Scheffler shot another 71 on Sunday to finish the tournament at 10-under. In addition to his birdie on No. 3, he birdied the seventh, 14th and 15th holes and bogeyed No 10. Scheffler said he never broke his concentration until he got to the 72nd hole and double-bogeyed with a four-putt.

“I had a five-shot lead and was like, all right, now I can enjoy this.
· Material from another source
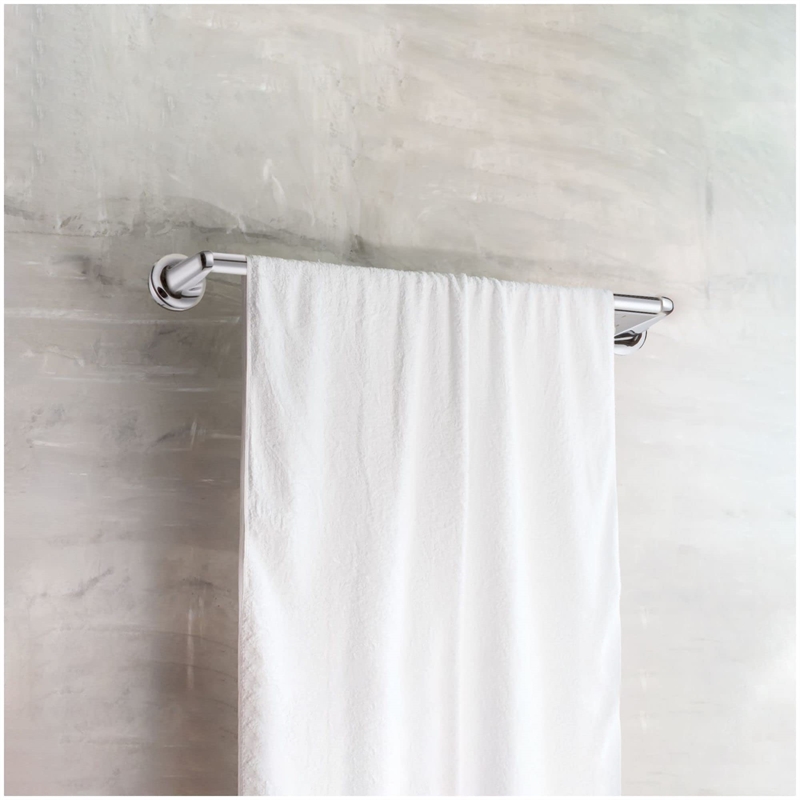 Bowery Hill 18-Inch Transitional Metal Towel Bar in Polished Chrome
And you saw the results of that,” he said with a laugh.

Throughout the tournament, Scheffler put his trust in his caddie, Ted Scott, who was on the bag for Bubba Watson for his Masters wins in 2012 and 2014. Scheffler also said he rarely looked at the leaderboards.

“I kept my head down, kept pushing and trying to hit good shots and stay aggressive. … The minute you play overly conservative, bogeys just start racking up,” he said. “You have to play conservatively aggressive and hit good shots. You can’t just limp your way in. I knew that on the back nine, and all I was trying to do was just hit good shots.”

Making History

Despite the finish that a five-shot lead going into the last hole allows, Scheffler made history in all the right ways. He became the fifth top-ranked player in the world to win the Masters, joining Ian Woosnam (1991), Fred Couples (1992), Woods (2001 and 2002) and Johnson (2020). He also was the fourth Masters champion to have won a U.S. Junior Amateur Championship, along with Gay Brewer, Woods and Spieth.

Several times during the week Scheffler was asked to describe himself. He said he’s a private, laid-back guy who leads a normal life, likes to play board games and tries to stay in the moment. Now, however, he also is a Masters champion who has a lifetime invitation to Augusta National every April.

“I dreamed of having a chance to play in this golf tournament. I teared up the first time I got my invitation in the mail. … I love this place. I love this golf course,” he said. “If you’re going to choose a golf tournament to win, this would be the tournament I would want to win.”